Moss Viewing – A Strange Yet Increasingly Popular Japanese Pastime

A lot of people walk by moss all the time, without even giving the time of day, but in Japan, they actually have this thing call moss viewing that involves going on trips to damp places and staring at moss for hours, as a means of relaxation.

According to Takeshi Ueno, a plant ecology expert at Tsuru University, the activity is particularly popular among women, because “they are rich in emotions”. “They can innocently enjoy changes in the shapes and colors of leaves, for example, so they are well-suited to moss viewing,” Ueno, who usually leads the moss viewing trips near Lake Shirakoma, added.

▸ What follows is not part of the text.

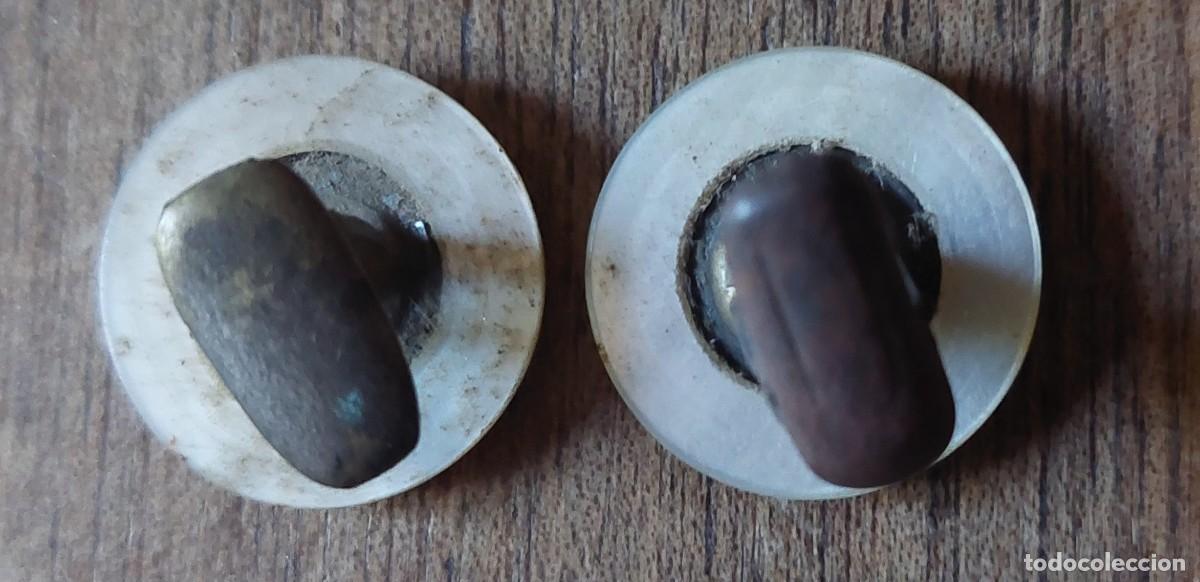 Antig&uuml;edades: Antiguos gemelos de n&aacute;car y laton - Foto 2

It all started in 2013, when Hoshino Resorts Oirase Keiryu Hotel in Aomori Prefecture introduced a one-night program that included an observation tour of the moss colonies in a riverside forest. It was an unsuspected success, and after the Bryological Society of Japan named the area around Lake Shirakoma a ‘precious moss-covered forest’, moss-viewing became a regular affair. The event has become so popular among female travelers that it is held about eight times a year.


Photo: Kyodo News

This surge in the number of women interested in moss viewing seems to coincide with a mountain hiking trend in Japan.“Many women admire plants and flowers as they hike, and that may have piqued interest (in moss),” said moss enthusiast Hisako Fujii, who wrote a book called Mosses, My Dear Friends.

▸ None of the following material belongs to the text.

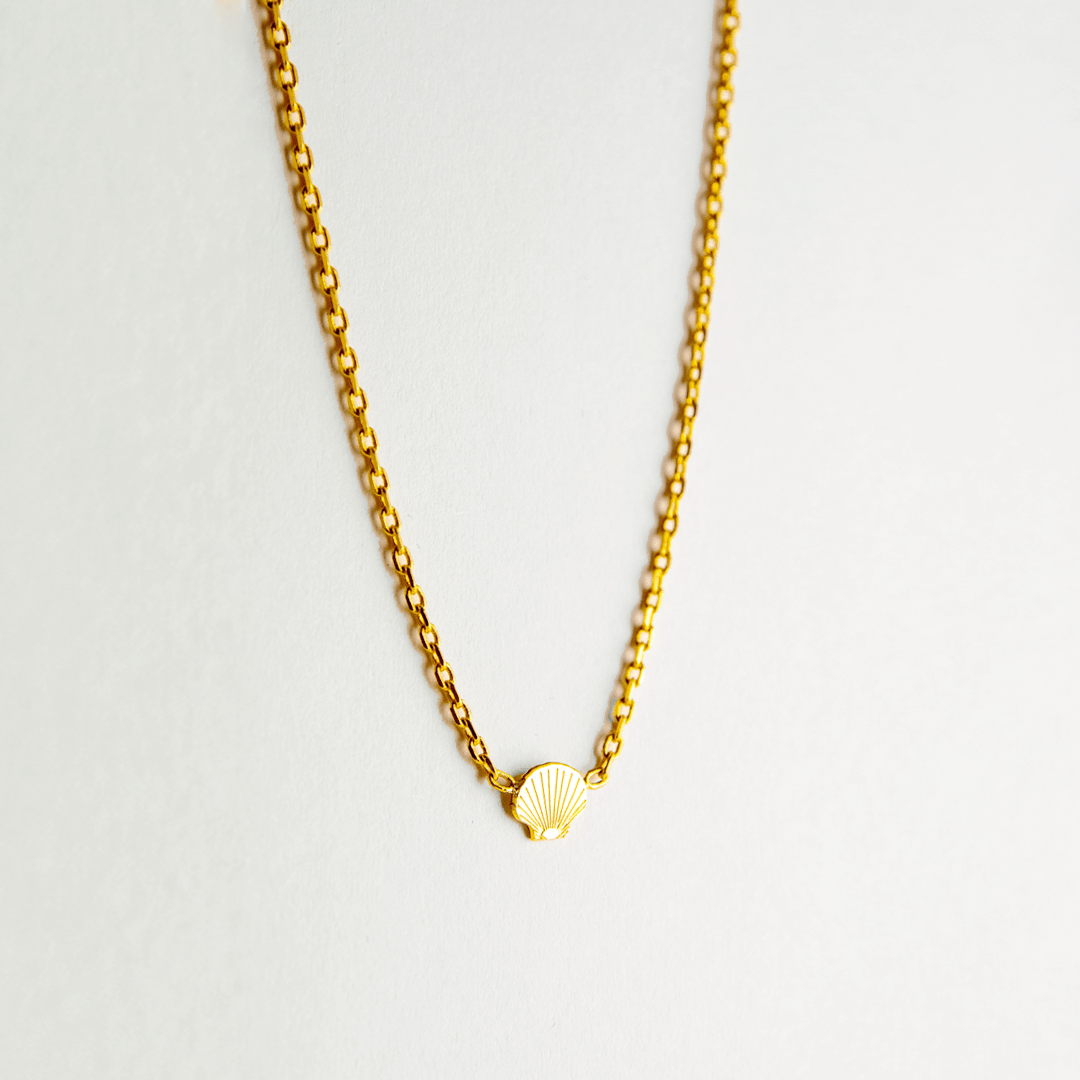 COLLIER COURT ENFANT COQUILLAGE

“What I like (about mosses) is that they are surviving with toughness as they reach out for water and light,” added Mari Sugiyama, a 27-year-old career woman from Ibaraki Prefecture. “Seeing clusters of mosses living together, I can forget about our competitive society.”


Photo: Kyodo News

The highlight of Ueno’s tour is when clusters of a variety of sunagoke moss are sprayed with mist – the leaves open out and their color transforms from brown to green. The plant expert says that it never fails to make the women cry. To fully enjoy the experience, they often get down on their hands and knees and uses magnifying glasses to get a closer look at moss.